The president takes a powder on union democracy.

Wednesday, January 15, 2003 12:01 a.m. EST

URL:http://www.opinionjournal.com/editorial/feature.html?id=110002912

President Bush has properly read the riot act to corporations about shareholder democracy, but his Administration is turning a blind eye to a similar problem in a surprising place--Big Labor. That failure has now led to the principled resignation of his own Labor Department's acting solicitor, Eugene Scalia.

The controversy concerns the United Brotherhood of Carpenters and Joiners and its imperious president, Douglas McCarron. A group of Carpenters' dissidents can't get the Bush Labor Department to agree that a clear reading of labor law would invalidate the Byzantine election rules that Mr. McCarron has put in place to maintain his union control.

A federal circuit court has chastised Labor's rebuff of the dissidents and ordered Secretary Elaine Chao to explain this refusal to challenge the McCarron roadblocks to democracy. But Ms. Chao has apparently decided to follow the 2000 precedent set by her Clinton predecessor, Alexis Herman, and continues to back Mr. McCarron.

That a GOP Administration would side with Big Labor this way is striking enough, but especially so in the case of Mr. McCarron. He's notorious for stomping on union dissent, and he's one of those labor bosses who made out like Tyco in the Ullico scandal. Mr. McCarron has returned nearly $300,000 he gained through the insider knowledge he had of the union-owned insurance company's investment in Global Crossing. (See "Big Labor's Enron," August 20, 2002.)
But none of this seems to bother the White House, which has courted Mr. McCarron since he took his union out of the liberal AFL-CIO in 2001 in a dispute over back dues. Mr. McCarron hosted Mr. Bush at two Labor Day picnics and was a rare labor leader invited to the President's economic forum in Waco last August. He's also led the union contingent backing Mr. Bush on Alaskan oil drilling, among other issues. Though the Carpenters give more than 80% of their political cash to Democrats, Mr. Bush no doubt hopes he can win Mr. McCarron's re-election endorsement in 2004.

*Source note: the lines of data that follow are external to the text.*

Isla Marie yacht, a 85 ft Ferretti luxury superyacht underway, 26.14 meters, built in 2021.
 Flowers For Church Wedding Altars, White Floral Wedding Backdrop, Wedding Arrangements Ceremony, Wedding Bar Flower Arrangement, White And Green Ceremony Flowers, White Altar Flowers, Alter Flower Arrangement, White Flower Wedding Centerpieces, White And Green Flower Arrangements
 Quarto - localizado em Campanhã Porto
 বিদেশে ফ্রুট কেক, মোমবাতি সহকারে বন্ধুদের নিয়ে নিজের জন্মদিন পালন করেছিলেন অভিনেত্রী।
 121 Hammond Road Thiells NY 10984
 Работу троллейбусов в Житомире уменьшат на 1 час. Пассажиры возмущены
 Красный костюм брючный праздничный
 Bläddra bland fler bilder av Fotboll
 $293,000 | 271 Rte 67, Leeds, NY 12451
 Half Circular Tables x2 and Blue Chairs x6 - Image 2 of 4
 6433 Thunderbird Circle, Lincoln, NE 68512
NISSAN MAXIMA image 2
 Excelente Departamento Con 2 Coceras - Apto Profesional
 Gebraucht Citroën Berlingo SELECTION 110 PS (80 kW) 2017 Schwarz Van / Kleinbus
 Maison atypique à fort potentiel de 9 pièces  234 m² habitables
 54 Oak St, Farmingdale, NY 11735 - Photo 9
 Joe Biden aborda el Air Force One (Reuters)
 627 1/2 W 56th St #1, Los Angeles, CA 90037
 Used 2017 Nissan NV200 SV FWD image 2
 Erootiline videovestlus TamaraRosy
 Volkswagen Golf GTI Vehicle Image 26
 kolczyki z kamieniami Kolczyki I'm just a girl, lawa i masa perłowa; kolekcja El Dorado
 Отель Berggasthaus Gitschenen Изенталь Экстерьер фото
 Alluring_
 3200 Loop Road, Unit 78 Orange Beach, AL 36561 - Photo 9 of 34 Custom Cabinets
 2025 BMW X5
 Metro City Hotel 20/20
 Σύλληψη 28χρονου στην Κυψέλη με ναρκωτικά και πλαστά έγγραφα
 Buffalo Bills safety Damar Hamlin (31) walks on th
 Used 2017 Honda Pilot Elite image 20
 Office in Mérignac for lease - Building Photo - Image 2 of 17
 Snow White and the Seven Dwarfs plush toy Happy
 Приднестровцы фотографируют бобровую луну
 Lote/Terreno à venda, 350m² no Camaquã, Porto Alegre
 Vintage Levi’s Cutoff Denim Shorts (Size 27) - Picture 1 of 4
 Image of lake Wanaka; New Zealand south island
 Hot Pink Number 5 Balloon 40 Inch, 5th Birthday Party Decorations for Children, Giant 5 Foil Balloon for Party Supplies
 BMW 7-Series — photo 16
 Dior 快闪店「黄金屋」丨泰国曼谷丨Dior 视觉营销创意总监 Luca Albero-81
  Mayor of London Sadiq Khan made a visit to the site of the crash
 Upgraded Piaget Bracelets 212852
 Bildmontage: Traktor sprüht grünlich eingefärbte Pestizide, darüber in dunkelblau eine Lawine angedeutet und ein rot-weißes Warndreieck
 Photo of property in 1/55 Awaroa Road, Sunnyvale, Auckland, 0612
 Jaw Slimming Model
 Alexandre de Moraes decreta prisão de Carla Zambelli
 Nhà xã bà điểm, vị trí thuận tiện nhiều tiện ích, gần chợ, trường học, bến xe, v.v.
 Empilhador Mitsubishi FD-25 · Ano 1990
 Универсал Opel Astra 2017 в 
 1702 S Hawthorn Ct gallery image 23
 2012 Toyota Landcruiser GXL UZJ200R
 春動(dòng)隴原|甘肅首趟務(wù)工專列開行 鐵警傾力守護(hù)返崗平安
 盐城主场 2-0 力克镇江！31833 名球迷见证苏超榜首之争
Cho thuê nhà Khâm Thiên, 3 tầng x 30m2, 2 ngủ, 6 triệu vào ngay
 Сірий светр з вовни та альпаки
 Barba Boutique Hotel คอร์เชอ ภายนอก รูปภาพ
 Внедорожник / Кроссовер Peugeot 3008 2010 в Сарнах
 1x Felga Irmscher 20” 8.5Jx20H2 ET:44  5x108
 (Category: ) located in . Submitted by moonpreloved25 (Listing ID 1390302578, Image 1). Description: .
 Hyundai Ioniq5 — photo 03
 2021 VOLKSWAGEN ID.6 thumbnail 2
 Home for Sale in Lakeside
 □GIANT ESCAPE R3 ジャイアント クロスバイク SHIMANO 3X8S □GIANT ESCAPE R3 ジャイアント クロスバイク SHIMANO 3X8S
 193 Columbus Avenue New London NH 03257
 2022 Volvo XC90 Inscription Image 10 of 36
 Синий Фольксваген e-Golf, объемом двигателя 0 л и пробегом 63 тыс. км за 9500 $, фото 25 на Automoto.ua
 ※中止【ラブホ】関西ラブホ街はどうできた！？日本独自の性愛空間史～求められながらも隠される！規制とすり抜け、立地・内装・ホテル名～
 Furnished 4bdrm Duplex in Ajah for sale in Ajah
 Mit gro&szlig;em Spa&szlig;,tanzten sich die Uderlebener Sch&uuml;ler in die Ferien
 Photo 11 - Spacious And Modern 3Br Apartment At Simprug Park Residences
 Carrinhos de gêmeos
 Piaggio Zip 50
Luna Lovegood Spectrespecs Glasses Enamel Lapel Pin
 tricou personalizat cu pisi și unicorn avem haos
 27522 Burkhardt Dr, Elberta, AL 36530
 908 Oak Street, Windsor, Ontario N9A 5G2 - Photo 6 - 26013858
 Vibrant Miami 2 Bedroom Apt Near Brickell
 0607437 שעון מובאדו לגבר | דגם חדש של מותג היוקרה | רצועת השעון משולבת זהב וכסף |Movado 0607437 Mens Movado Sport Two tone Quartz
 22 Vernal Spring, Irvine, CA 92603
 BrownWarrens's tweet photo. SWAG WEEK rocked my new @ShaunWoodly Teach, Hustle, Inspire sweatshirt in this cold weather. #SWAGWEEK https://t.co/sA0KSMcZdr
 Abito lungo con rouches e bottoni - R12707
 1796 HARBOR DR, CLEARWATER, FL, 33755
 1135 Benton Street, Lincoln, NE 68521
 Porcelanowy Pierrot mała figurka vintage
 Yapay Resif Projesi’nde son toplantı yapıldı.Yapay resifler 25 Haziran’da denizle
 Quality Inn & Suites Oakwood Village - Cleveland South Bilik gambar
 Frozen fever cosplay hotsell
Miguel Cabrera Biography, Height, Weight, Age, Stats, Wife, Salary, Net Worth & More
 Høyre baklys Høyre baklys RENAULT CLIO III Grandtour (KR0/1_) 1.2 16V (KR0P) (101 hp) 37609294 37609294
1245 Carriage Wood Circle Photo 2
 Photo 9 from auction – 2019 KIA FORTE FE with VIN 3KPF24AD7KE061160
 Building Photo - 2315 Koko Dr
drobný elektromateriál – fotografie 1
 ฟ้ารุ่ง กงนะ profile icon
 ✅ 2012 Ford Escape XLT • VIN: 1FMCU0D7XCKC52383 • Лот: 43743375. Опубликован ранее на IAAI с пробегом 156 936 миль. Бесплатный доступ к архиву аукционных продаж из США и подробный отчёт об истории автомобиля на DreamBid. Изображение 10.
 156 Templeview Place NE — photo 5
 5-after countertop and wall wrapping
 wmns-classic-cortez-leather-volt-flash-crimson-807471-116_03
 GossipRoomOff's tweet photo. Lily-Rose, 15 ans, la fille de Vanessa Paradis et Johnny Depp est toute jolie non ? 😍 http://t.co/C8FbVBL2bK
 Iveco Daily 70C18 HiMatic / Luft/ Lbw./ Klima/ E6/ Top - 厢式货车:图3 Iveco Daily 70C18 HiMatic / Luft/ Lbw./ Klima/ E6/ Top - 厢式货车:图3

Now, working with union leaders is part of any President's job, but that shouldn't extend to overlooking Mr. McCarron's anti-democratic behavior. In order to protect his shaky hold on the union presidency back in 1996, he transferred almost all authority from the union's 2,200 locals to 55 regional councils. The locals were turned into shells and Mr. McCarron hand-picked the all-powerful council leaders under rules that virtually guaranteed their re-election.

Clintonite Ms. Herman ruled for Mr. McCarron, notwithstanding ample Labor Department precedent that bodies like the regional councils can't usurp the powers of union locals unless council leaders are directly elected by union members. Secretary Chao agreed after she took office.

But the First Circuit Court of Appeals ruled last February that Labor's legal position is illogical and indefensible because it goes against its own "regulation and prior decisions." Judge Juan Torruella, a Reagan appointee, went further in a concurring opinion and said Labor's decision against the dissidents was "arbitrary and capricious." The court sent the case back to Labor for a "more reasoned" explanation of its action.

So the case landed on the desk of Mr. Scalia, who was given a one-year recess appointment in late 2001 for the top legal spot at Labor after Teddy Kennedy blocked a confirmation vote (claiming he wouldn't enforce the labor laws). Mr. Scalia and others at Labor felt that the law was clear and the Department's defense of the Carpenters' regional councils untenable. Early last week word spread that Secretary Chao was planning nonetheless to continue to argue the original Clinton position in court. Mr. Scalia, who was about to be renominated, promptly resigned, citing personal reasons and issuing a statement that "now is an appropriate time for me to leave the Department."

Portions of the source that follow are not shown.